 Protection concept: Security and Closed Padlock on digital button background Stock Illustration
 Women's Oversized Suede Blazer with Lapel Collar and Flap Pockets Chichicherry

● ● ●

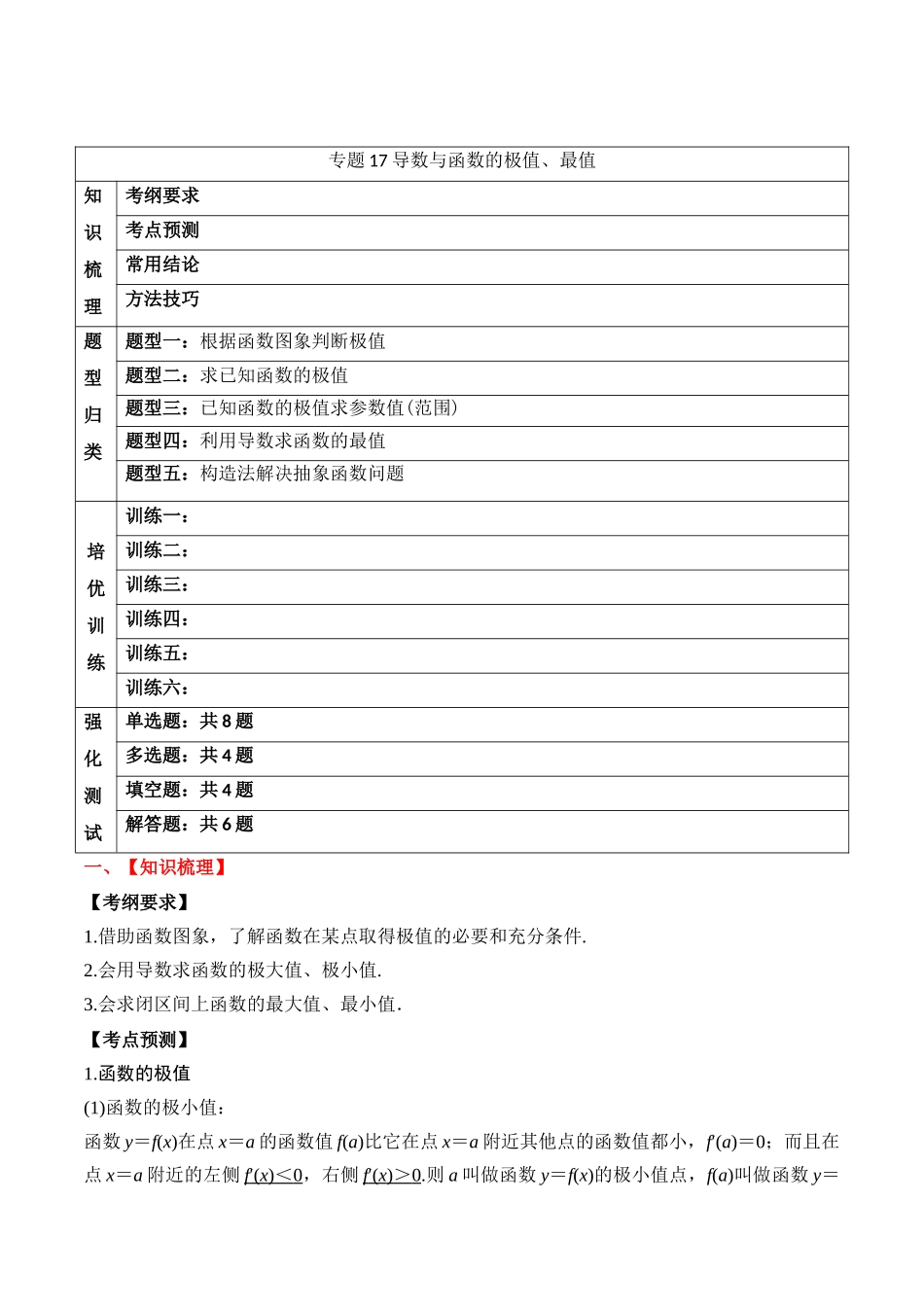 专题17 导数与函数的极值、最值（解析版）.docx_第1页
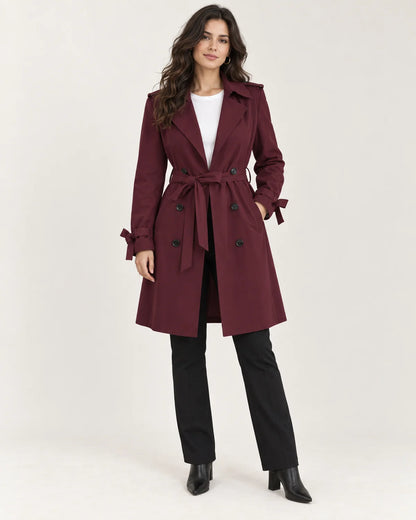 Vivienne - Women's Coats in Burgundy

● ● ●

Exercise objective: Go back to the listing above and write out the lines starting at the one with "专题17 导数与函数的极值、最值（解析版）.docx_第1页" and ending at the one with "Vivienne - Women's Coats in Burgundy", inclusive, exactly and without pictures.

Result for this exercise:
 专题17 导数与函数的极值、最值（解析版）.docx_第1页
 Vivienne - Women's Coats in Burgundy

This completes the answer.